The other issue is whether or not you have the requirement and/or ability to set up a server. HTTP and FTP
based tools require a system administrator to install a web or FTP server. Other tools such
as bbcp and GridFTP only require an sshd server to be installed by the administrator, and everything else
can be install as a normal user.
In order to obtain maximum throughput over a high-speed WAN, one needs use a file transfer
tool that includes the following features:
- Parallel data streams
- Ability to set the TCP buffer size
- Luckily this is becoming less important, as Linux and Windows Vista
now include "TCP buffer autotuning". Other OSes will likely follow.
Note that is it still important to
increase the maximum TCP buffer size
even on a system that does TCP autotuning.
There are a large number of
file transfer programs available, but unfortunately
almost none of them provide both of these features.
The following are some commonly used tools that do provide these features.
GridFTP: part of the
Globus Toolkit.
globus-url-copy -p 4 -tcp-bs 16M sshftp://data.lbl.gov/home/mydata/myfile file://home/mydir/myfile
To install GridFTP with ssh support, see our Quick Start Guide.
There is also a
Microsoft .NET version
of the GridFTP client and server available from the University of Virginia.
bbftp: from the Babar Project
bbftp -p 4 -e 'setrecvwinsize 1024; setsendwinsize 1024; put myfile' -E '/usr/local/bin/bbftpd -s' remotehost
bbcp: from SLAC
bbcp -P 4 -v -w 2M myfile remotehost:filename
More info on using bbcp is available from Caltech.

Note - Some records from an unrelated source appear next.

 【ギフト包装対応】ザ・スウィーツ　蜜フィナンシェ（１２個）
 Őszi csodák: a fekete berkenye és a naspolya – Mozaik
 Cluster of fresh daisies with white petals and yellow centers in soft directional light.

The remaining tools described on this page do not provide a way to set the TCP buffer size. However, if you
transfer enough files in parallel, or break a single file into enough parallel streams, one can still obtain
good total throughput using the tools described below. Also, most of the tools below assume the files
to be copied reside on an HTTP or FTP server.
Download Managers:
Download managers provide an easy-to-use GUI for downloading multiple files in parallel, for monitoring
download progress, and for pausing/restarting downloads. Most support uploads as well, and some such
as 'Free Download Manager' even support bittorent downloads.

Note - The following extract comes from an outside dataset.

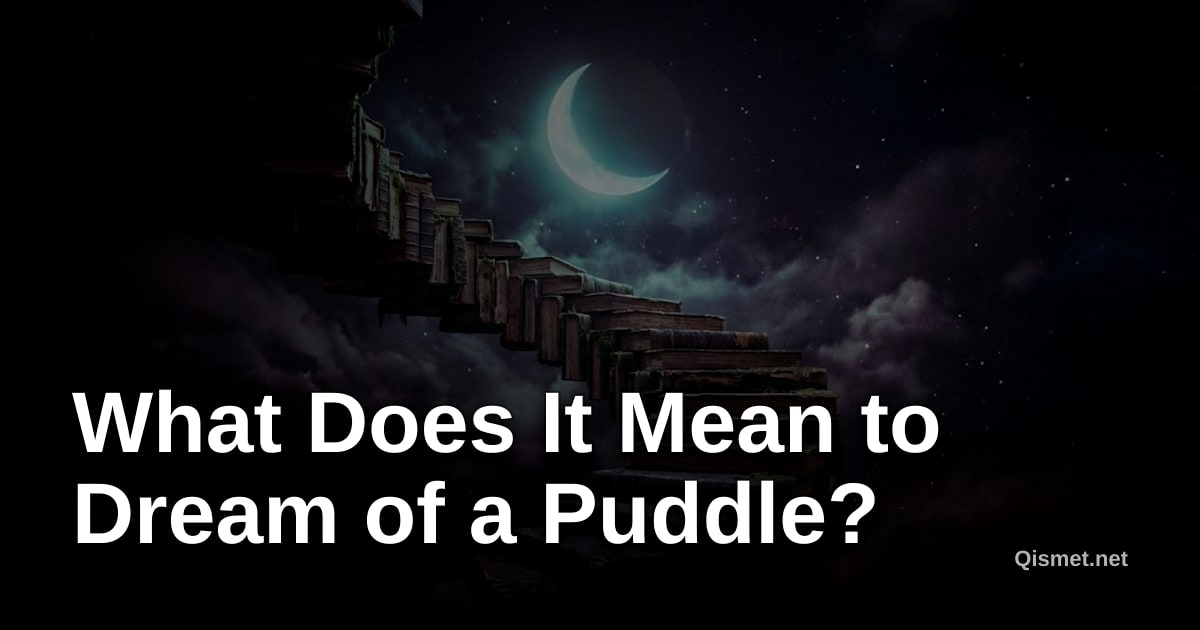 What Does It Mean to Dream of a Puddle?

Some recommended download managers include:
Wikipedia maintains a
comparison table of download managers.
Other MS Windows Tools:
- filezilla: Supports FTP transfer of multiple files in parallel
Other Unix Tools:
- lftp: Supports parallel file transfer, socket tuning, HTTP transfers, and more.
Sample command:
lftp -e 'set net:socket-buffer 4000000; pget -n 4 http://site/path/file; quit'
lftp -e 'set net:socket-buffer 4000000; pget -n 4 ftp://site/path/file; quit'
axel: simple parallel accelerator for HTTP and FTP.
Sample command:
axel -n 4 http://site/file
axel -n 4 ftp://site/file
Other useful command line tools for Unix/OSX include curl
and wget.
Special Purpose Tools:
hsi put local_file : hpss_file
hsi get hpss_file
The number of parallel streams you use is determined by which HPSS "class of service" you are using.
To adjust the TCP buffer size, look for SendSpace/RecvSpace in your hpss.conf file:
For example:
Network Options = {
Default = {
NetMask = 255.255.0.0
RFC1323 = 1
SendSpace = 4MB
RecvSpace = 4MB
WriteSize = 128KB
TcpNoDelay = 1
}
}
Note that in general pftp is faster than hsi/htar. For best performance across a WAN, use the
GridFTP interface to HPSS at sites where it is available.
The following are some commonly used tools that should be avoided:
-
scp / sftp: Do not use these tools on a WAN! They are built on top of libopenssl, which has a built in
64 KB buffer that severely limits performance on a WAN. A patch to fix this problem is available from the
Pittsburgh Supercomputer Center.